*Assignment*: Ignoring pictures, transcribe exactly the lines between the one containing "No Chaser Rhinestone Sneakers" and the end of the material, both included.

*Raw data*:
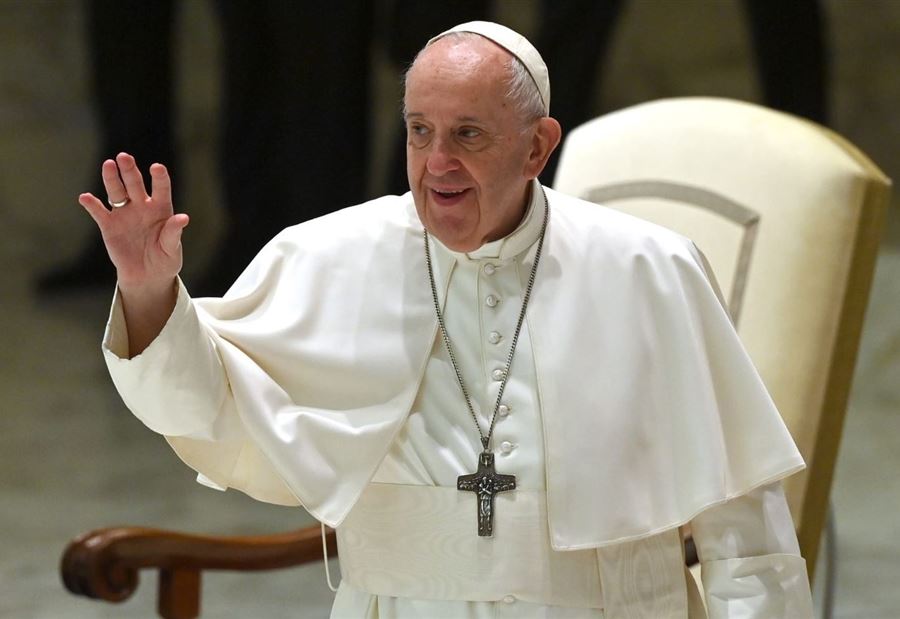 بعد "الإنتهاكات الجسيمة"... البابا فرنسيس يزور كندا "للتكفير عن الذنب"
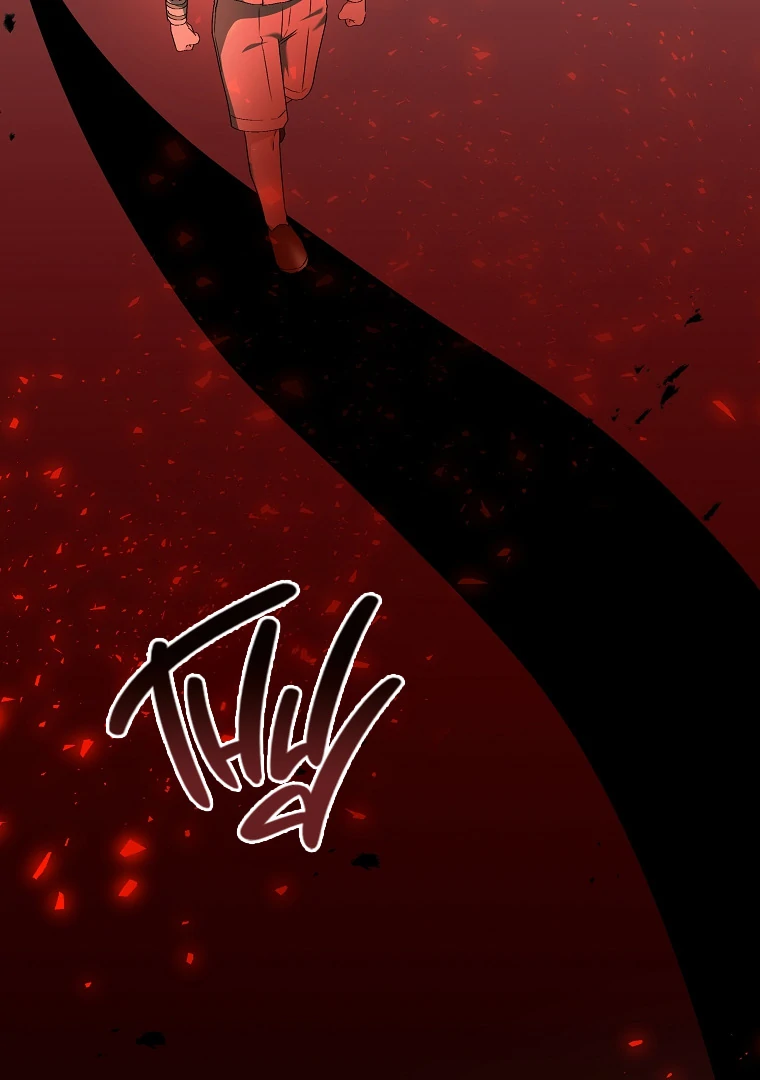 You Just Need To Hold My Hand chapter 64 page 85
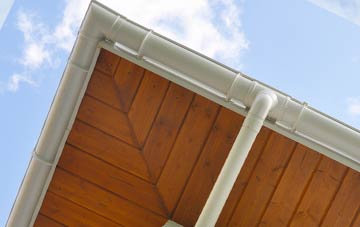 Maresfield soffit types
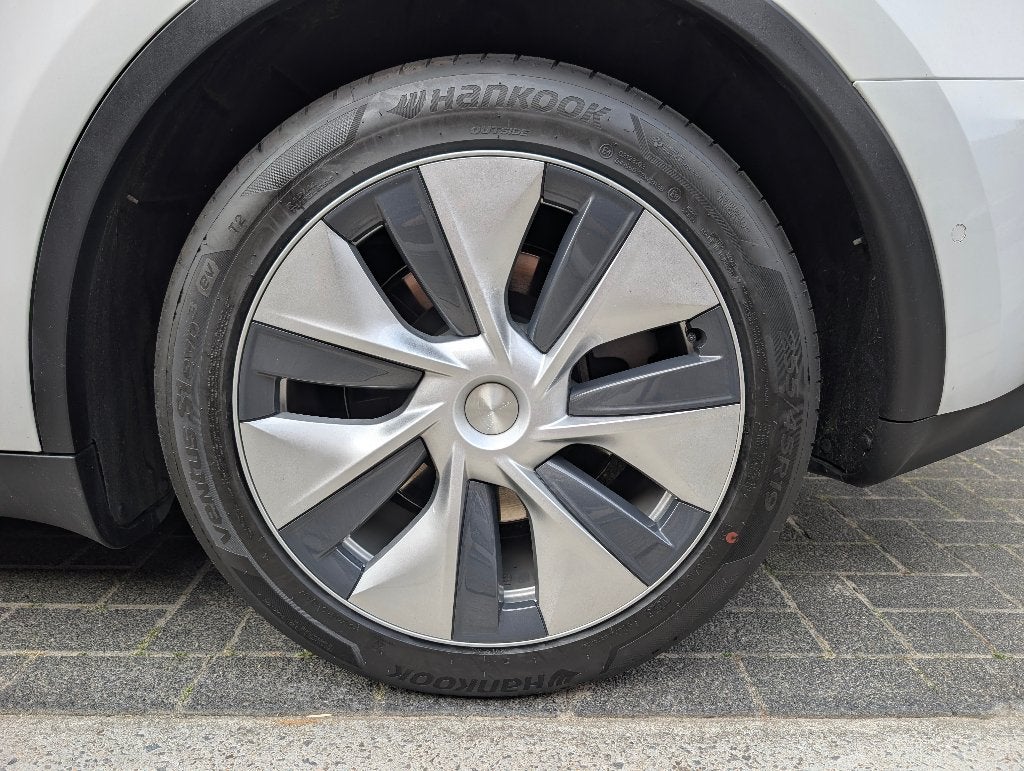 255/45 R19 - Hankook Ventus S1 evo3 EV – Nieuw, Autos : Pièces & Accessoires, Pneus & Jantes, Neuf, 255 mm, Véhicule de tourisme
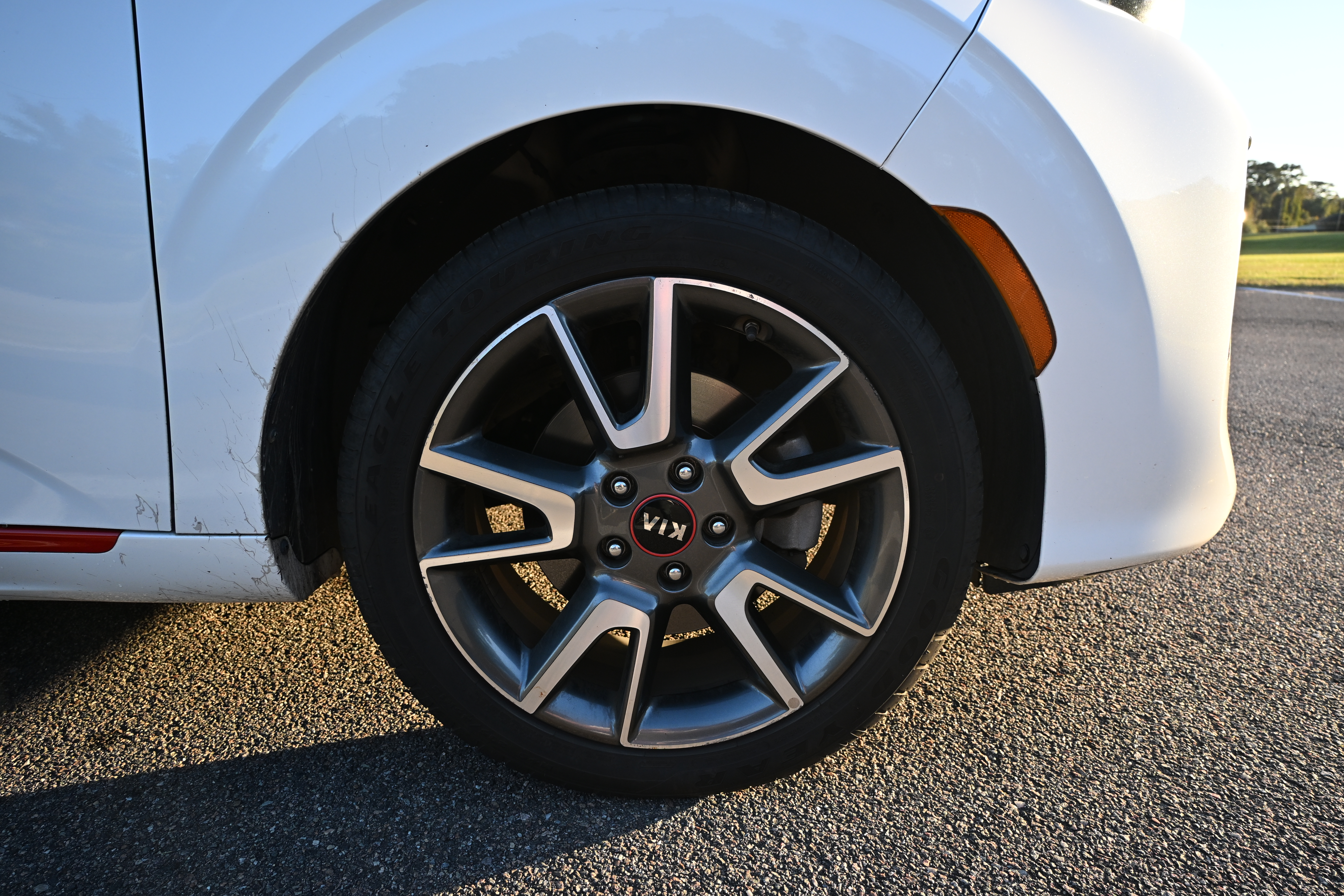 Used 2020 Kia Soul GT-Line Turbo FWD image 9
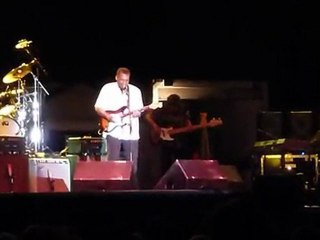 Tampa Bay Blues Festival 4-8-2011 @ 8:06 PM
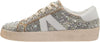 No Chaser Rhinestone Sneakers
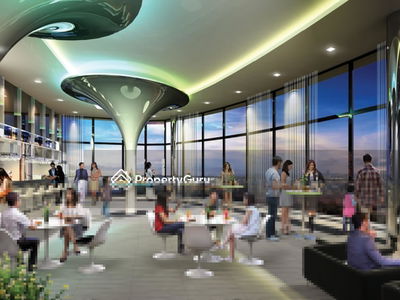 Southkey Mosaic Johor Bahru, Malaysia Southkey Mosaic Johor Bahru, Malaysia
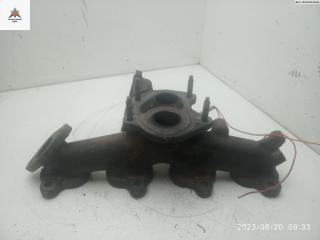 коллектор выпускной Renault Master 3 поколение [рестайлинг] 2017, 2.3 л., дизель, микроавтобус, 8714720002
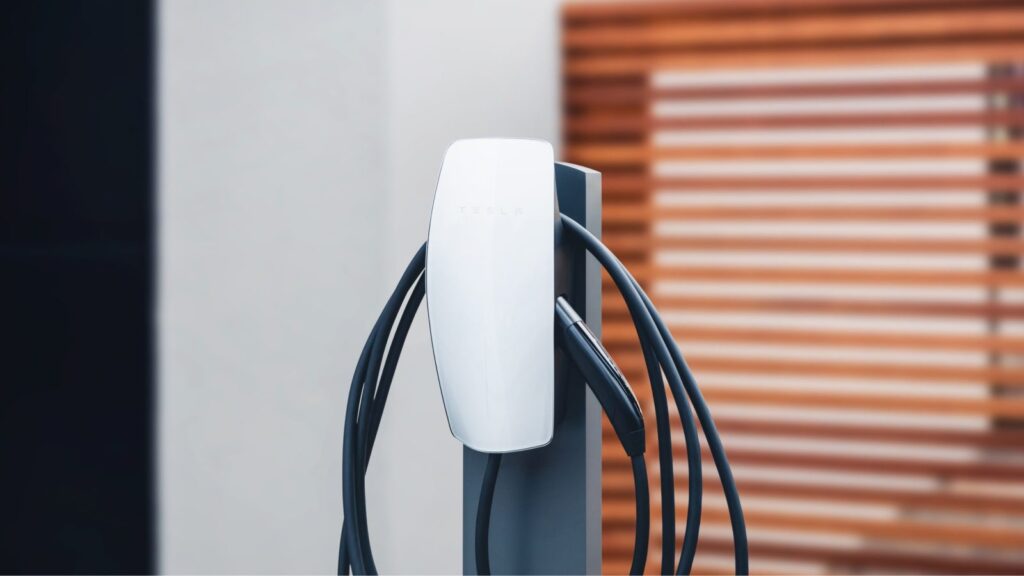 Home EV Chargers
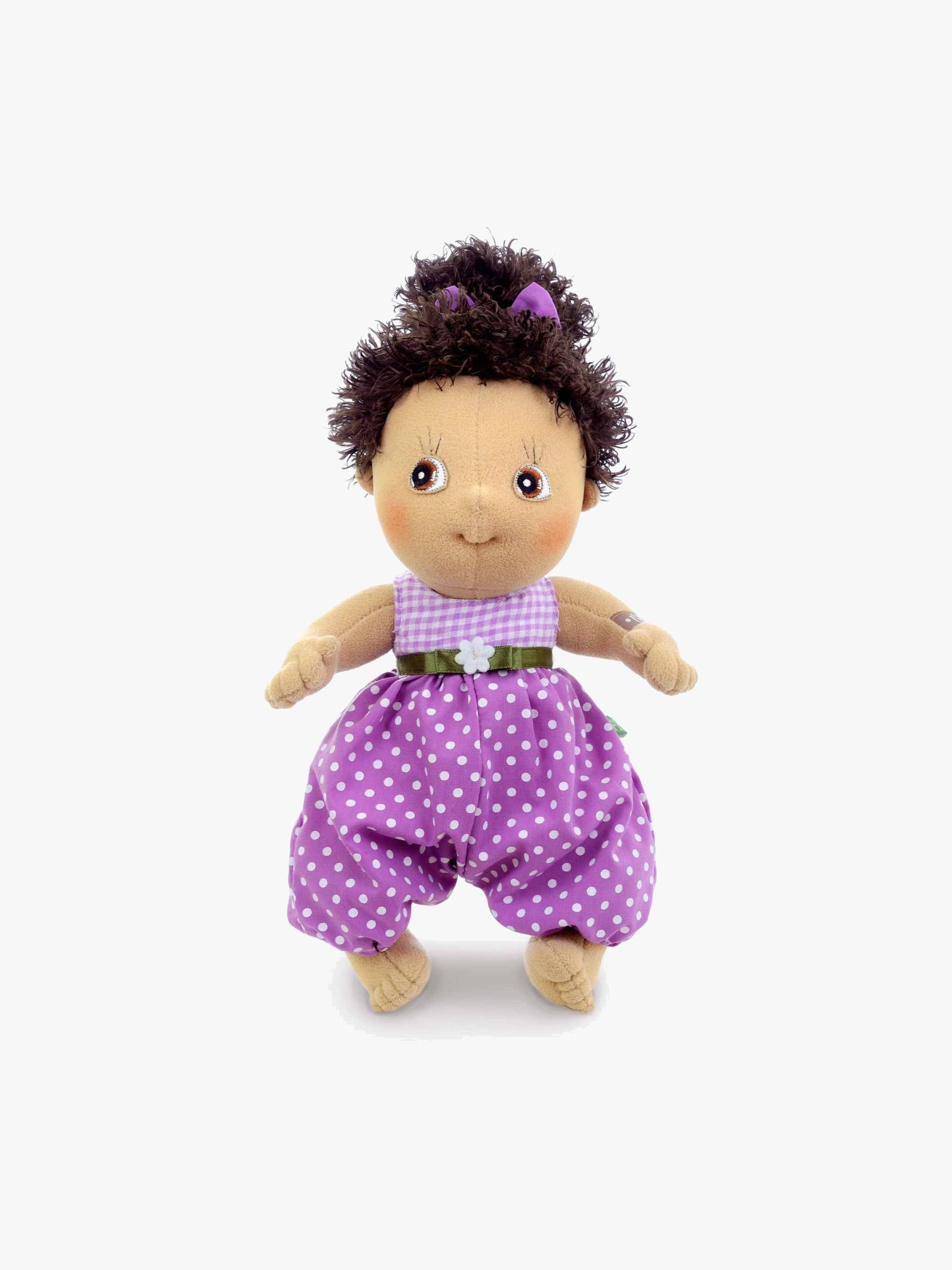 Rubens Barn Puppe Cuties Classic Hanna Rubens Barn Puppe Cuties Classic Hanna von Rubens Barn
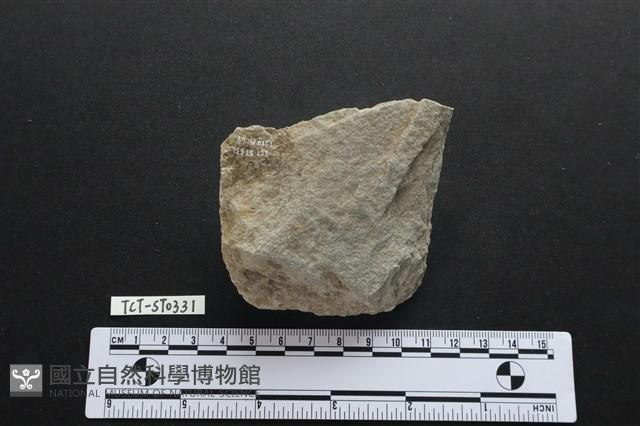 斧鋤形器藏品圖，第1張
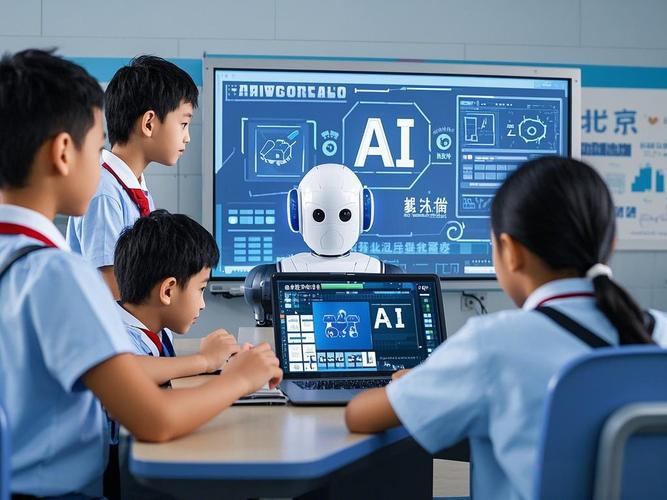 AI进家庭：近六成中小学生家长担心孩子产生“技术依赖”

*Completed task*:
 No Chaser Rhinestone Sneakers
 Southkey Mosaic Johor Bahru, Malaysia Southkey Mosaic Johor Bahru, Malaysia
 коллектор выпускной Renault Master 3 поколение [рестайлинг] 2017, 2.3 л., дизель, микроавтобус, 8714720002
 Home EV Chargers
 Rubens Barn Puppe Cuties Classic Hanna Rubens Barn Puppe Cuties Classic Hanna von Rubens Barn
 斧鋤形器藏品圖，第1張
 AI进家庭：近六成中小学生家长担心孩子产生“技术依赖”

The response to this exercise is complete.